Corine Pelluchon est venue présenter à notre classe son Manifeste animaliste, écrit pour les élections présidentielles de 2017, à la fois pour donner des outils aux militants, pour révéler l’universalité de la cause animale, et pour aider cette cause à entrer dans la marche de l’histoire.

La philosophe cherche à éviter que la cause ne soit récupérée, notamment par l’extrême-droite. Dans les médias, la cause est souvent présentée de façon polarisée, et desservie parfois par des représentants intransigeants ; au contraire, les enjeux normatifs du combat politique doivent se coupler à une stratégie de recherche de compromis. En effet, Corine Pelluchon se dit partisane de l’accompagnement, dans la transition, des populations dont la subsistance et l’identité reposent sur l’exploitation animale, et propose de fonder d’abord ce compromis sur certaines pratiques reconnues comme cruelles : la chasse à cour, la corrida...

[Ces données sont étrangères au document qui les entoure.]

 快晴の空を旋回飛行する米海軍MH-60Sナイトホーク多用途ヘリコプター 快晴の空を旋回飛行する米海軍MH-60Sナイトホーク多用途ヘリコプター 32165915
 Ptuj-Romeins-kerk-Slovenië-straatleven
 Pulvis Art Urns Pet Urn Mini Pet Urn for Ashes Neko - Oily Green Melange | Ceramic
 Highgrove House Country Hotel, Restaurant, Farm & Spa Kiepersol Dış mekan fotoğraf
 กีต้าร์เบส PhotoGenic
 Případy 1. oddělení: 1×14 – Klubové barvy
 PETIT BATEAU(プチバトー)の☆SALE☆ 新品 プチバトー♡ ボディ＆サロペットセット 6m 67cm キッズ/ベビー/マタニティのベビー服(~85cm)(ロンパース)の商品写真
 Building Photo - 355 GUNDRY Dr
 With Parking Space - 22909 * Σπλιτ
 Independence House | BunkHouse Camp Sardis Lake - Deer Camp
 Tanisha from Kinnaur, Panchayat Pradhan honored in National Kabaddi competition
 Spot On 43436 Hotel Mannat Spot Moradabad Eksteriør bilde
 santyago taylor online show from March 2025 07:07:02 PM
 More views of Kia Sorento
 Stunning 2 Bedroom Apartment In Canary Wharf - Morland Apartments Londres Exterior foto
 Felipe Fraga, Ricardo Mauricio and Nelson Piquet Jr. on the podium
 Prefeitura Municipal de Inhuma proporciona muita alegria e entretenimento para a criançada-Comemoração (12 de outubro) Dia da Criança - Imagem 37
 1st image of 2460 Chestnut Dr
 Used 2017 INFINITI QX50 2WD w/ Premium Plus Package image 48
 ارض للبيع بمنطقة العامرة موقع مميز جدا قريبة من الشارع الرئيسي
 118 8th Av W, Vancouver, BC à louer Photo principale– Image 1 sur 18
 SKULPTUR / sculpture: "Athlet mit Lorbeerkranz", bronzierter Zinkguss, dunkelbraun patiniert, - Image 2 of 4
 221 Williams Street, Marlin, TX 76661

En réponse à une question posée par une élève, la philosophe maintient que l’animalisme n’est pas élitiste, car la production de viande affecte la planète entière. L’écologie converge avec la cause animale mais ne s’y confond pas : elle s’intéresse aux espèces, alors que l’animalisme voit les animaux comme des individus. Loin d’être un « îlot éthique », la cause animale que défend la philosophe permet la promotion d’un nouveau modèle de développement, au-delà du nihilisme capitaliste. Cette critique des oublis de l’humanisme est aussi la création d’un autre humanisme, qui interroge les limites que j’assigne à mon bon droit et au droit des autres êtres vivants à exister. L’exploitation illimitée d’animaux déshumanise : nous scindons émotions et raison, oubliant ce qui nous rapproche des animaux, pour la supporter. Mais nous prenons peu à peu conscience d’appartenir à un monde commun : le sujet politique d’aujourd’hui n’est plus pris comme pure liberté comme au temps de Hobbes mais se sait compris dans ses relations avec les autres êtres.

Pour la philosophe, « le droit cartographie le monde » : les animaux expriment leurs besoins, et c’est à nous de les traduire en termes d’organisation de l’espace. Les droits des animaux ne peut pas s’établir sur leur utilité aux yeux de l’homme. En plus du droit négatif qui protège de l’exploitation, il faut des droits positifs, différenciés, qui réparent les torts faits à la faune sauvage et définissent des devoirs envers les animaux de compagnie.

Cette séance a eu lieu dans le cadre du séminaire Master de science politique de l’Université Paris 8, animé par Sylvie Tissot en 2018-2019.